Chronique

Ken recherche Barbie sur Instagram

Entre vous, moi et les grosses lunettes d’Olivier Primeau, la nouvelle ère de la téléréalité, amorcée hier soir par XOXO à TVA, ressemble énormément à l’ancienne.

Des gars découpés au couteau, des tatouages qui dévorent les corps, des filles minces au « fort caractère », des discussions saupoudrées de franglais, des doigts griffus et des bulles qui pétillent dans les verres, XOXO ne réinvente pas la formule à succès de l’émission Cupidon, mais la passe au tamis des réseaux sociaux.

Vous ne suscitez pas assez de réactions sur Instagram ? Désolé, mais adios, chica. Trois candidates ont ainsi été renvoyées sèchement, dans un moment cruel qui a provoqué un malaise dans le New City Gas, un immense bar du quartier Griffintown, à Montréal.

Ce que XOXO valorise plus que tout, c’est la quantité d’abonnés sur Instagram, le nombre de vues sur YouTube et le total de mentions « j’aime » sur Facebook. C’est l’amour calculé au temps du numérique, et ce n’est pas toujours joli.

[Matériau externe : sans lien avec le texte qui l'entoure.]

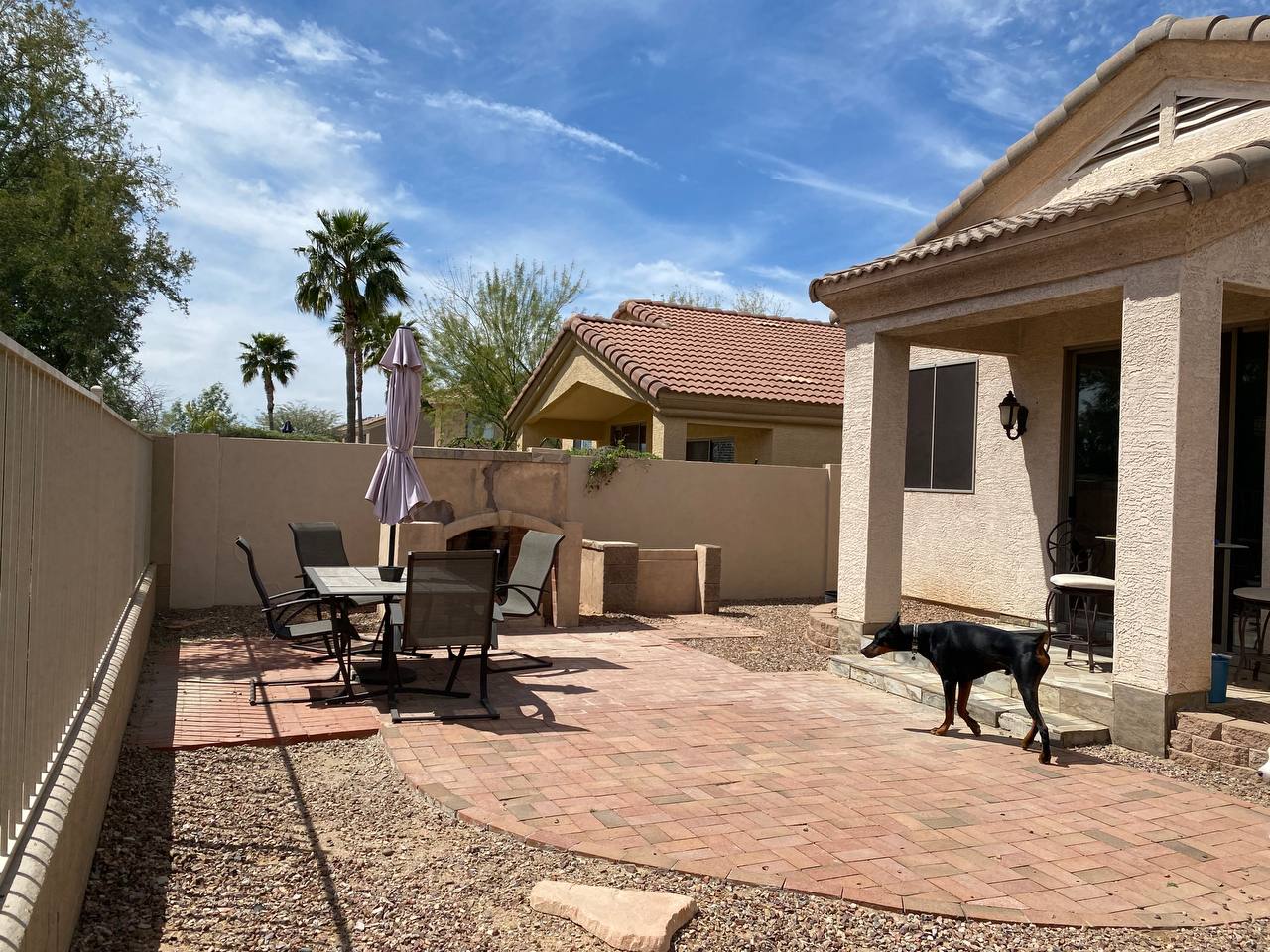 Side yard with an old worn brick paver patio, gravel and a block fire feature beside a covered patio, before the remodel.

Hier soir, les 90 minutes de XOXO ont servi de très looong prétexte à la « grande sélection des filles », un peu comme du bétail dans une foire agricole de région.

Les producteurs avaient même classé les jeunes femmes « en ordre d’impact », de la plus populaire à la moins suivie. 

Euh. Bonjour, le retour à la cafétéria du secondaire, où les cool filaient devant les nerds.

Honnêtement, ça ne vaut pas la peine d’en dire très long sur les 18 concurrentes qui ont eu l’immense honneur de déposer leurs valises dans le mini-penthouse en carton de leur conseiller attitré.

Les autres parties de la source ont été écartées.